The Explainable Particle Chebyshev Network (E-PCN) constitutes an advanced graph neural network (GNN) framework optimized for jet tagging tasks in experimental high-energy physics. E-PCN enhances the interpretability and discrimination power of deep graph-based classifiers by simultaneously encoding multiple kinematic relationships via parallel spectral graph branches, each derived from distinct jet substructure measures. The architecture incorporates both Chebyshev spectral convolutions and EdgeConv layers over kinematically weighted particle graphs, allowing explicit attribution of classification decisions to underlying physical features via a Grad-CAM–derived approach (Islam et al., 8 Dec 2025).

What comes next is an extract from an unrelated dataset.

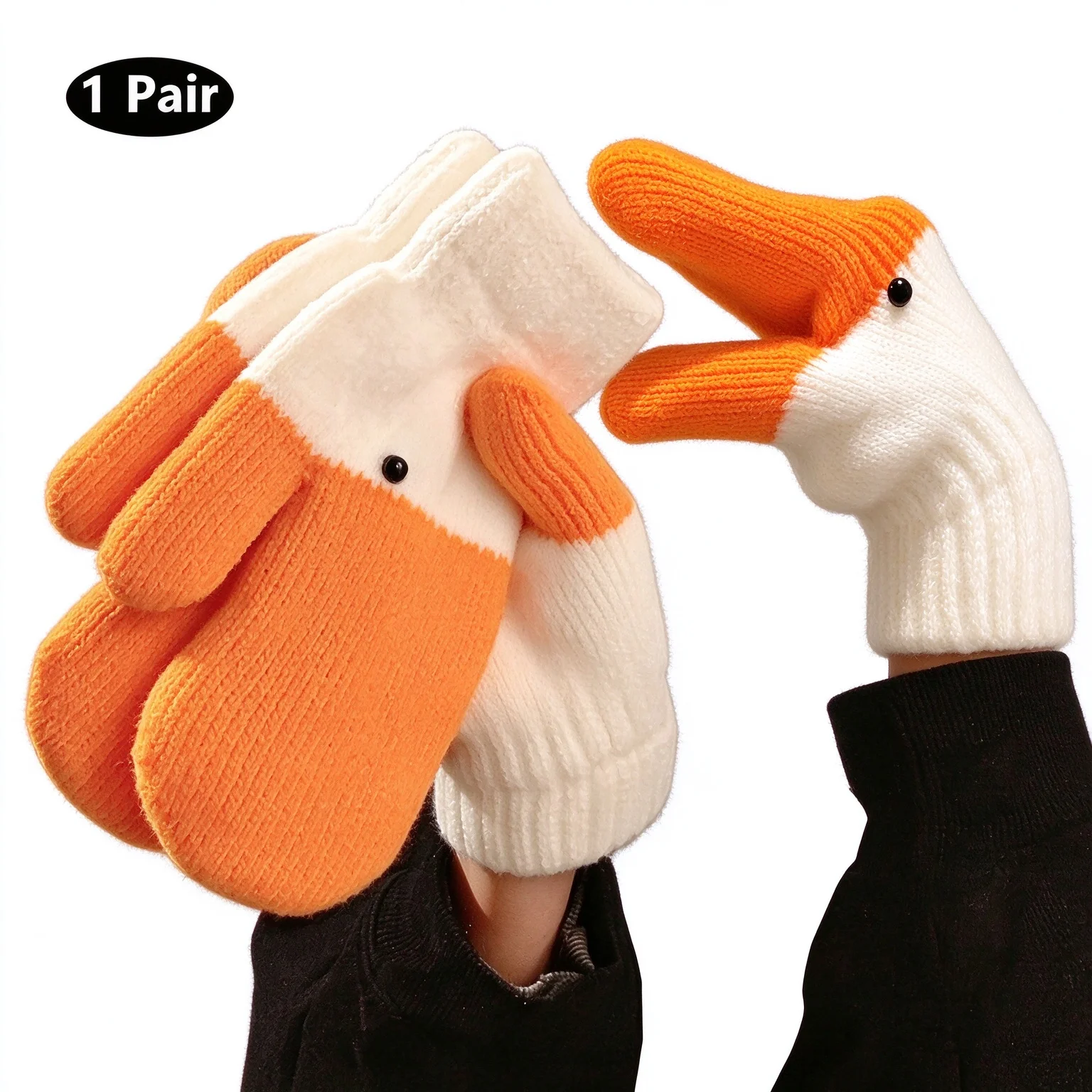 1 Pair Winter Warm Plush Gloves, Cute Duck Mittens, Cartoon Goose Full Finger Gloves for Women, Soft Thermal Cold Weather Gloves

1. Foundations: Particle Chebyshev Networks and Jet Graph Representation

Particle Chebyshev Networks (PCN) model jets as undirected graphs $G=(V,E)$, where $V$ is the set of detected constituent particles and $E$ encodes proximity relations in pseudorapidity–azimuth ($\eta,\phi$) space. Each node is instantiated with a $d_{\text{in}}=16$–dimensional feature vector encompassing momentum components ($p_x,p_y,p_z$), energy ($E$), transverse momentum ($p_T$), spatial coordinates ($\eta,\phi$), impact parameters, and particle identification flags.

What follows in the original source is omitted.